。・*・。。*・Cherry Blossom Ⅳ・*・。。*・。
「てか!近親相姦じゃねぇかよ!」
何も深く考えていたわけじゃないのに、つい言葉が出た。
「………」
鴇田はさっきのオフザケから一転、目を開きあたしを真剣に見据えてくる。
「お嬢……何故…そのようなことを……
キョウスケに何か聞いたんですか?」
あまりに真剣な顔で言われて、あたしの方がびっくりした。
「な、何でキョウスケが出てくるんだよ。何も聞いちゃいねぇよ…」
何であたしもあんなこと言ったんだろう。
寝ぼけてんのかな…夢と現実と昨日ドクターが聞かせてくれた『ドクター版ロミオとジュリエット』のせいもあるのかな…
とにかく勢いこまれてあたしは逃げ腰。
「俺がどうかしました?」
いつの間にか起き上がっていたキョウスケがベッドの上に腰掛けて頭の後ろを掻いている。
ほ…キョウスケ起きてくれたか…
そう思ったが、
キョウスケは裸の体に黒いボクサーパンツ一丁の姿であくびを漏らしている。
てか、何でお前パンツ一丁なんだよ!
乙女の前だって言うのにキョウスケはマイペースに欠伸をしながらクローゼットの中からガウンを取り出し、腕を通している。

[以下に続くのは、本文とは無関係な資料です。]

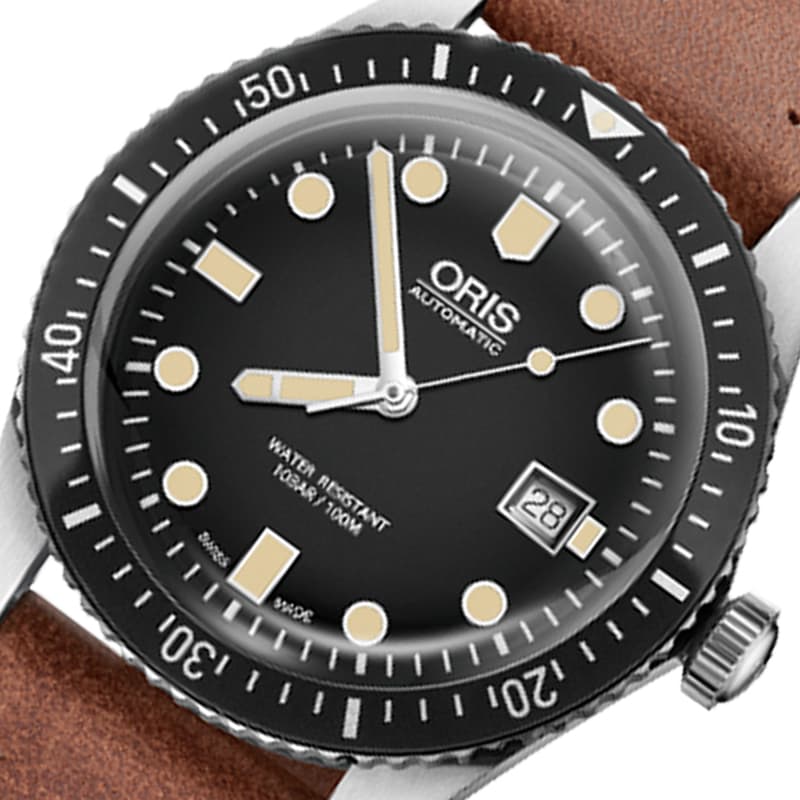 オリス(Oris)ダイバーズ65(Divers Sixty-Five)733 7720 4054 ブラックダイヤル×レザー 腕時計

白い背中に浮かび上がった鷹の紋がガウンの中に隠れて、キョウスケはこちらを振り返った。
「俺が何か?」
もう一度聞かれて、でもその問いは鴇田に向けられたようだった。
「いや…何も」鴇田は歯切れ悪く答えると、キョウスケから視線をそらした。
何だってんだよ、鴇田のヤツ。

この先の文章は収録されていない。